6 March 2022
Deuteronomy 26:4-10 Romans 10:8-13 Luke 4:1-13
Led by the Spirit into the Wilderness
Jesus’ life was dominated by a single passion: to proclaim and establish on earth God’s reign of justice, peace and love. His mission was not about saving people’s souls by taking them out of the world and bringing them to a place called heaven. It was about bringing God’s kingdom on earth and challenging people to embrace it. But how was he going to carry out this mission entrusted to him by the Father? He had no blueprint or plan of action to guide him. What he had was the Holy Spirit, the Spirit who came upon him at his baptism. This same Spirit – the spark of divine energy that brought the universe into existence and ignited the fire of life – now leads Jesus out into the wilderness where he is tempted by Satan for forty days. In this way Jesus was led to clarify the nature of his mission in the service of God’s reign.

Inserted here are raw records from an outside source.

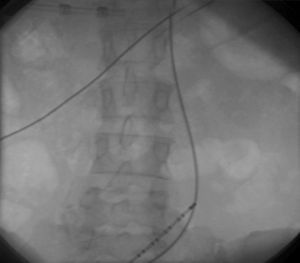 Catéteres de ablación dirigidos a la izquierda de la columna vertebral, indicando recorrido venoso anómalo por agenesia de vena cava inferior (demostrado posteriormente por venografía –figura 3–).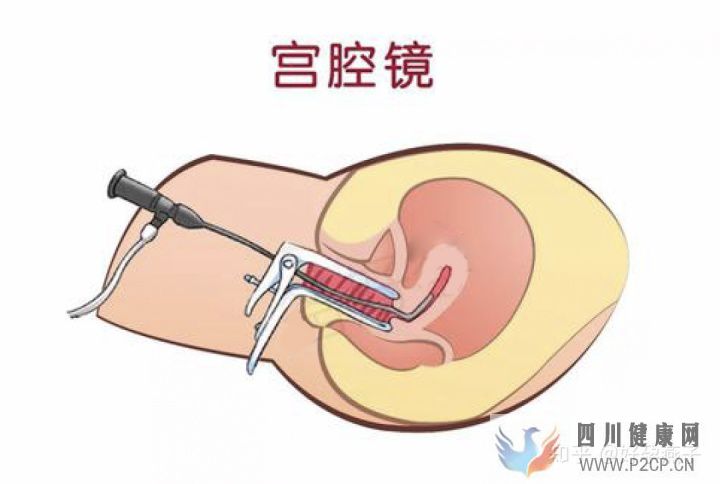 不孕症的自我诊断(图5)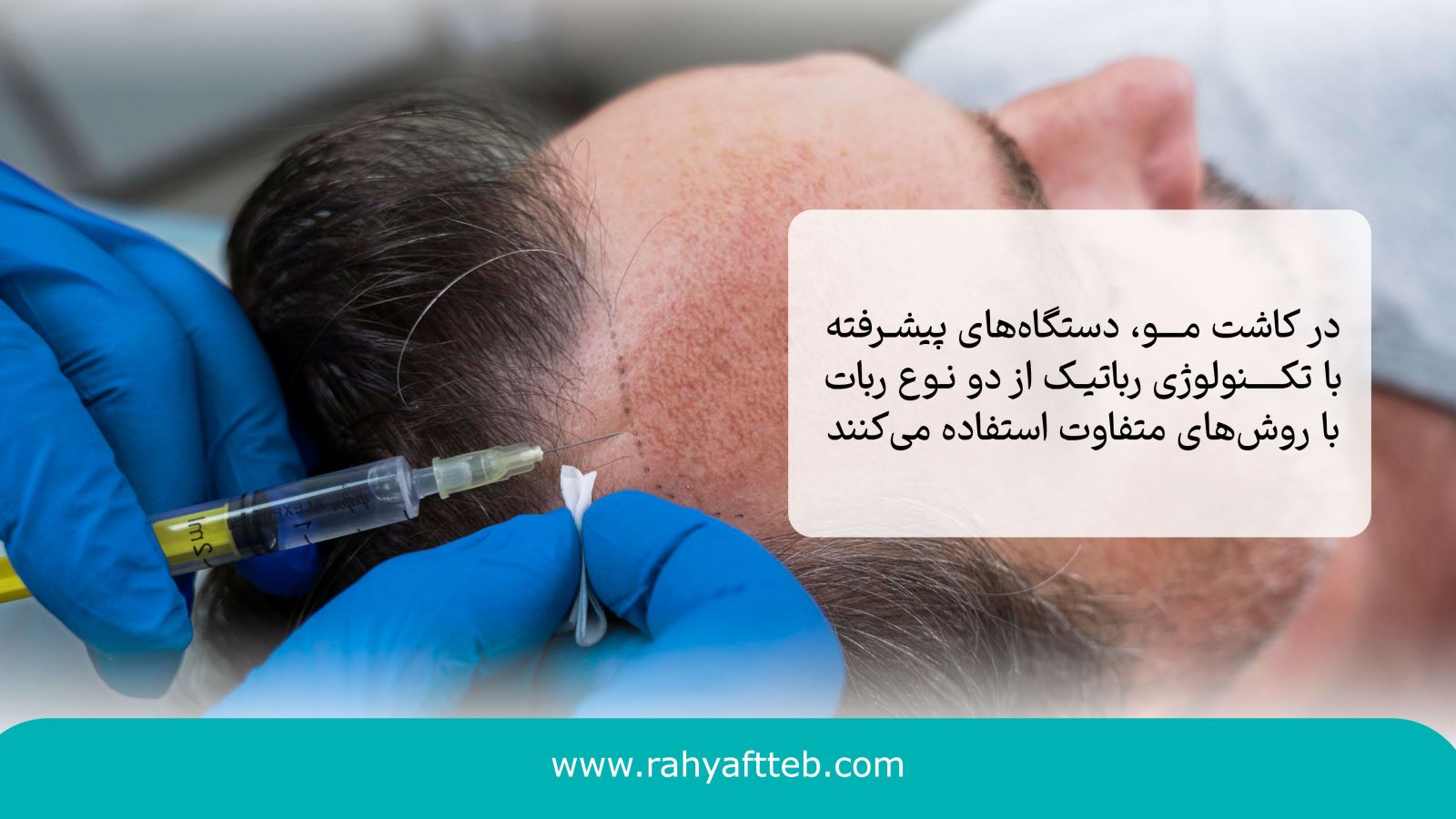 مراقبتهای بعد از هایفوتراپی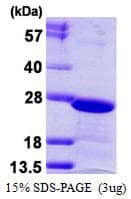 Human CBX3 / HP1 Gamma Protein (Recombinant His)
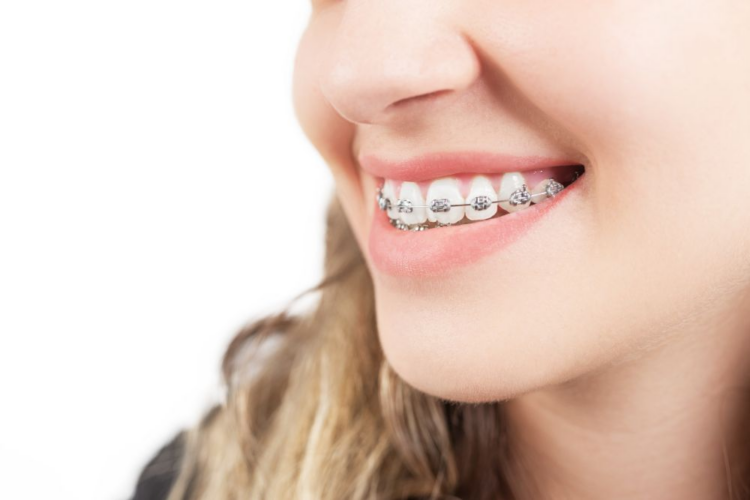 What to Expect with a Metal Orthodontic Bracket the First Time?
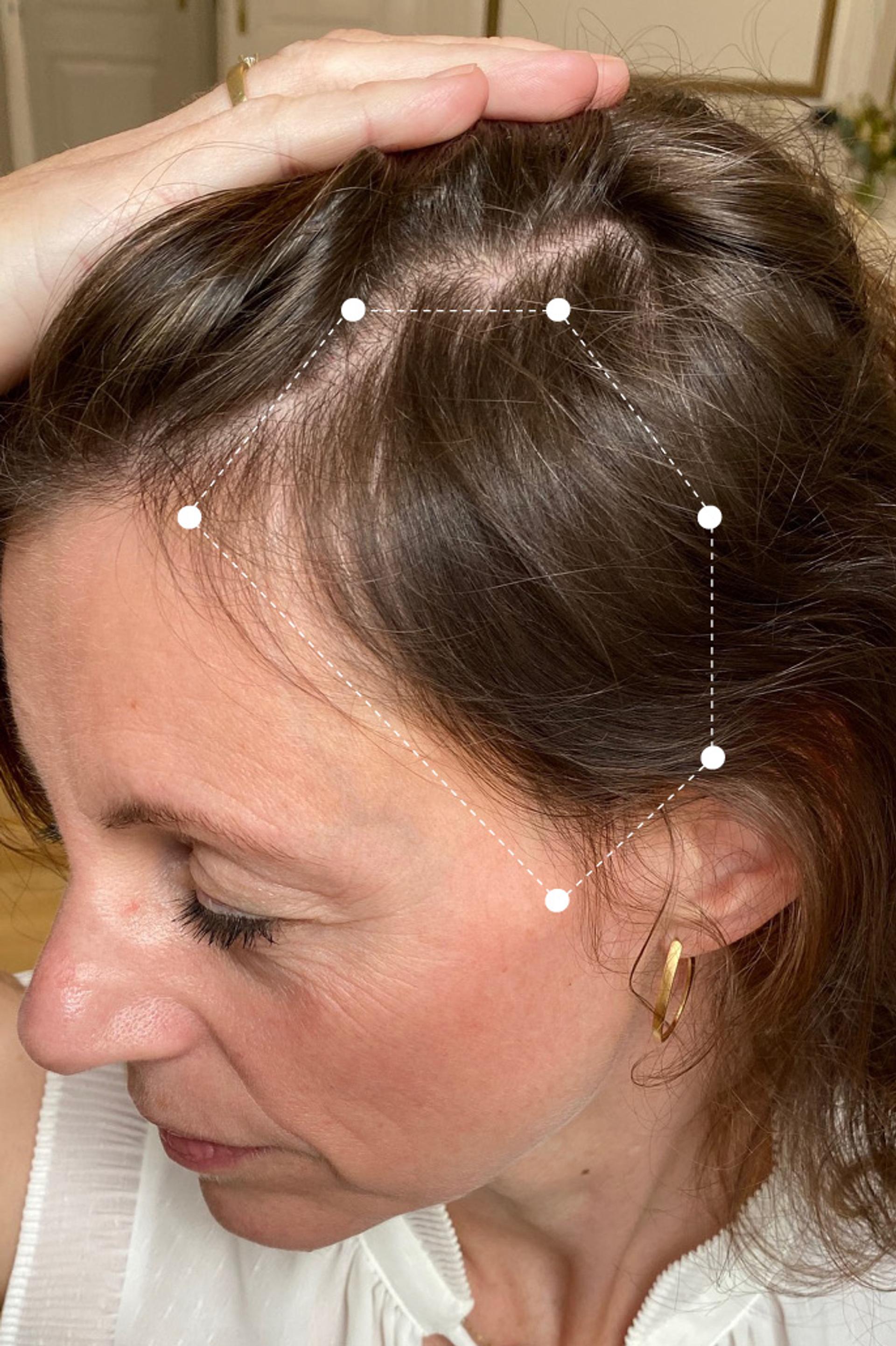 Scalp Hair Thinning around Temple area on Brunette Client After using the Harklinikken Regimen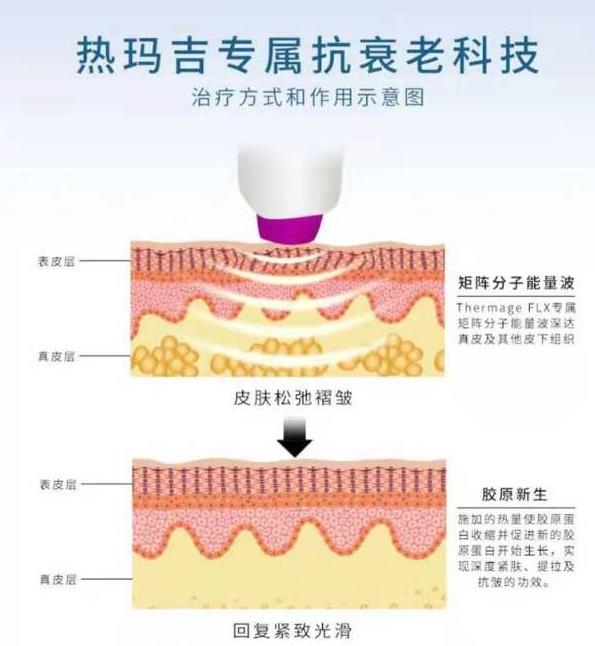 北京石榴美容醫(yī)院:熱瑪吉是不是射頻設(shè)備?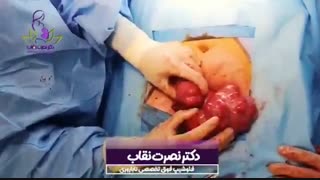 فیلم واقعی جراحى فیبروم رحمى قبل از انتقال جنین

Jesus’ forty days in the wilderness was a decisive and defining experience for him. It determined the path his messianic mission would take. It led him to reject several false paths he could have chosen – the path of violent revolution adopted by the political revolutionaries of the day, the Zealots, and also the way of compromise adopted by the Jerusalem elite, the Sadducees and High Priests. His wilderness experience led him to choose instead the path of redemptive suffering. The way of Jesus would be to turn the other cheek, to walk the second mile and to take up his cross and give up his life on Calvary. He will defeat evil by letting evil do its worst to him, by suffering it in love and forgiving his enemies. He rejects the temptations of Satan and commits himself unreservedly to carrying out the will of his Father.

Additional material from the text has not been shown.